Bladder Cancer Treatment Options: A Comprehensive Guide

Surgery is the primary treatment for localized bladder cancer (bladder cancer that has not spread). The type of surgery recommended depends on where your bladder cancer is located (which cells are affected) as well as the size of the cancer and how far it has spread.

Transurethral Resection of Bladder Tumor (TURBT) 

TURBT is a minimally invasive surgery that’s an option for early-stage bladder cancer. It’s the most common treatment for superficial bladder cancer, also called non-muscle-invasive bladder cancer (meaning the cancer hasn’t grown into the muscle layer). Most people with bladder cancer have this type when they’re first diagnosed, so this is usually the first treatment.

TURBT is performed while you’re under general anesthesia (fully asleep) or regional anesthesia (only the lower part of your body is numbed). Your surgeon will insert a thin tube with a camera (called a resectoscope) through your urethra to visualize the inside of your bladder. The device has a wire loop at the end to remove any abnormal tissues or tumors.

If necessary, your surgeon may recommend a follow-up TURBT to use an electrical current to destroy the area where the tumor was removed (called fulguration). A high-energy laser can also be used. Both methods are done through the resectoscope.

Cystectomy

This surgery is the removal of part or all of the bladder. It’s recommended for people with aggressive cancer (one that grows or spreads quickly) or cancer affecting the muscle layer of the bladder wall.
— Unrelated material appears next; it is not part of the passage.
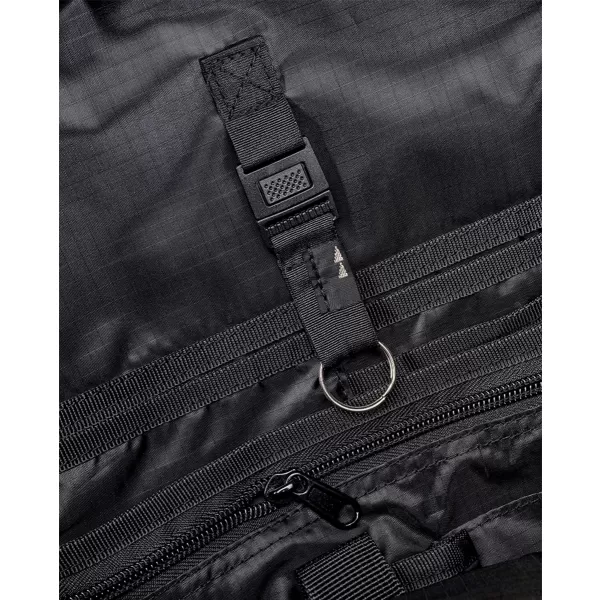  Batoh BRANDIT 8659 BLACK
You may be eligible for a partial cystectomy (in which only part of your bladder is removed) if the cancer is relatively small, localized to one area, and easily accessible.

 During a partial cystectomy your surgeon will remove the parts of the bladder wall and muscle layer where the cancer has invaded along with nearby lymph nodes. With this procedure you will keep your bladder, though it will be smaller and cause you to urinate more frequently. This procedure isn’t used very often because there’s a chance that the cancer will occur in other parts of the bladder.

If your tumor is larger or in more than one area of the bladder, you will probably need a radical cystectomy to remove all of your bladder, potentially along with nearby organs, such as the prostate and seminal vesicles in men and the uterus, ovaries, and part of the vagina in women.

For the radical cystectomy, your surgeon may perform an open surgery that requires a long incision in the belly. Alternatively, your surgeon may opt for laparoscopic surgery, also called minimally invasive or “keyhole” surgery. This is performed through several smaller incisions using an instrument called a laparoscope, sometimes with the assistance of robotic arms.

Because your entire bladder is removed during a radical cystectomy, you will need reconstructive surgery to give your body another way to store urine and pass it out of your body. There are three main types of reconstructive surgery:

  • Standard or Conventional Urostomy This procedure involves creating a new passageway, called an ileal conduit, for your urine to pass from the kidneys to the outside of your body. Your surgeon uses a piece of the small intestine to create the conduit for urine to pass from the kidneys to an external bag worn on the abdomen, which you empty when it gets full.
  • Continent Urostomy A pouch is created from the intestine to hold urine inside the body, which you then drain out by inserting a catheter through a small abdominal opening.
  • Neobladder With this procedure, urine is routed back into the urethra through a new bladder constructed from a section of the intestine. Though you pass urine as you did before, you no longer have the same nerve signals telling you when to urinate, so you will have to urinate on a schedule.